Post

querySrv errors when connecting to MongoDB Atlas

If your application uses MongoDB’s Node.js driver or Mongoose ODM, occasionally you may observe errors such as querySrv ECONNREFUSED _mongodb._tcp.cluster0.abcde.mongodb.net or Error: querySrv ETIMEOUT _mongodb._tcp.cluster0.abcde.mongodb.net being thrown. The MongoDB Atlas documentation outlines several methods to troubleshoot connection issues, including how to handle “Connection Refused using SRV Connection String” scenarios, but why does this happen in the first place?

About DNS seedlists

To coincide with the release of MongoDB 3.6, all drivers (at the time) implemented the initial DNS seedlist discovery specification to ensure connections could be established using the new SRV connection string format, as well as the legacy standard connection string format.

This functionality was introduced to abstract away the complexity of MongoDB’s connection strings (for MongoDB Atlas users at least) by moving the component parts of a connection string to two DNS records: a service record (SRV) and a text record (TXT).

Users now only need to supply a connection string such as mongodb+srv://<username>:<password>@cluster0.abcde.mongodb.net/myFirstDatabase, and regardless as to whether the underlying cluster was a replica set or sharded, the connection string would remain the same. Furthermore, use of mongodb+srv:// enables drivers to detect additions/removals of mongos in a sharded cluster1

Tools such as nslookup or dig can be used to view the contents of these DNS records, such as in the following example:

1
2
3
4
5
6
7
8
9
10
11
12
13
14
15
16
17
18
19
20
21
22
23
24
25
26
27
28
29
30
31
32
33
$ dig srv _mongodb._tcp.cluster0.abcde.mongodb.net

; <<>> DiG 9.18.18-0ubuntu0.22.04.1-Ubuntu <<>> srv _mongodb._tcp.cluster0.abcde.mongodb.net
;; global options: +cmd
;; Got answer:
;; ->>HEADER<<- opcode: QUERY, status: NOERROR, id: 24529
;; flags: qr rd ra; QUERY: 1, ANSWER: 3, AUTHORITY: 0, ADDITIONAL: 1

;; OPT PSEUDOSECTION:
; EDNS: version: 0, flags:; udp: 65494
;; QUESTION SECTION:
;_mongodb._tcp.cluster0.abcde.mongodb.net. IN SRV

;; ANSWER SECTION:
_mongodb._tcp.cluster0.abcde.mongodb.net. 60 IN SRV 0 0 27017 cluster0-shard-00-01.abcde.mongodb.net.
_mongodb._tcp.cluster0.abcde.mongodb.net. 60 IN SRV 0 0 27017 cluster0-shard-00-02.abcde.mongodb.net.
_mongodb._tcp.cluster0.abcde.mongodb.net. 60 IN SRV 0 0 27017 cluster0-shard-00-00.abcde.mongodb.net.

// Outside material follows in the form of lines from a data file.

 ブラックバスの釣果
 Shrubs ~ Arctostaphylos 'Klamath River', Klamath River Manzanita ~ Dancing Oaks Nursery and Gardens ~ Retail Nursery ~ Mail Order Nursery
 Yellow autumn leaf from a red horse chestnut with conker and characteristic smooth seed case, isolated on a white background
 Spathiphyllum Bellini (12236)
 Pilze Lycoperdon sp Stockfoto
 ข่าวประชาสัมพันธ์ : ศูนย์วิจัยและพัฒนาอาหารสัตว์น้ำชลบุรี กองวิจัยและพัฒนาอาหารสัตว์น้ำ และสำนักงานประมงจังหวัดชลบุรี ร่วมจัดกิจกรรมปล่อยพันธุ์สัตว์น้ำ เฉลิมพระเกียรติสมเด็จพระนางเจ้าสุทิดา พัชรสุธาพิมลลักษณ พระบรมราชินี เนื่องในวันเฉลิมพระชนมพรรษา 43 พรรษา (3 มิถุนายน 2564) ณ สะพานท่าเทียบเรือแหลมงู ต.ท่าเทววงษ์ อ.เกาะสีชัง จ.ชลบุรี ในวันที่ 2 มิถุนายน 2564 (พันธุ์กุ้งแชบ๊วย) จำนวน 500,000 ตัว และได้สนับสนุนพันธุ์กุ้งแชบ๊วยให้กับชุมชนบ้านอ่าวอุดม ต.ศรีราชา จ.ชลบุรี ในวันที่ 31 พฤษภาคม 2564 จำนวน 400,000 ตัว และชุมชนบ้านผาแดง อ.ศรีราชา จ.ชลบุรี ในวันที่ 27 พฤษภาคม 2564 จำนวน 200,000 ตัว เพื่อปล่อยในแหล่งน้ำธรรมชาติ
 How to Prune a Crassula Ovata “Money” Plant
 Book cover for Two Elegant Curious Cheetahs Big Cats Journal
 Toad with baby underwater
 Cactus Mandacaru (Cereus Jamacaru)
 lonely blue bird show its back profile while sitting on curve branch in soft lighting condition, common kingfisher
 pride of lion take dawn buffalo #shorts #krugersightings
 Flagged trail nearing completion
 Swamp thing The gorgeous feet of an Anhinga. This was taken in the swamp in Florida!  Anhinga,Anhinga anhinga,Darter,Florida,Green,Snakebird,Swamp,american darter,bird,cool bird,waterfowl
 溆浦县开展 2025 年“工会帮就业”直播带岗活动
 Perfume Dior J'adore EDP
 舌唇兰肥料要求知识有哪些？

$ dig txt cluster0.abcde.mongodb.net

; <<>> DiG 9.18.18-0ubuntu0.22.04.1-Ubuntu <<>> txt cluster0.abcde.mongodb.net
;; global options: +cmd
;; Got answer:
;; ->>HEADER<<- opcode: QUERY, status: NOERROR, id: 35223
;; flags: qr rd ra; QUERY: 1, ANSWER: 1, AUTHORITY: 0, ADDITIONAL: 1

;; OPT PSEUDOSECTION:
; EDNS: version: 0, flags:; udp: 65494
;; QUESTION SECTION:
;cluster0.abcde.mongodb.net.	IN	TXT

;; ANSWER SECTION:
cluster0.abcde.mongodb.net. 60 IN	TXT	"authSource=admin&replicaSet=atlas-abcde-shard-0"

What can go wrong?

MongoDB’s drivers require the information from both DNS queries in order to successfully establish, authenticate and authorize a connection to a MongoDB Atlas cluster. If either of these queries fail, only part of the connection string details will be present, and if the driver doesn’t error out right away, the subsequent connection attempt may be missing necessary information.

For example, per the Authentication specification regarding connection string options, when it comes to selecting the authentication source:

  1. if authSource is specified, it is used.
  2. otherwise, if database is specified (in the connection string), it is used.
  3. otherwise, the admin database is used.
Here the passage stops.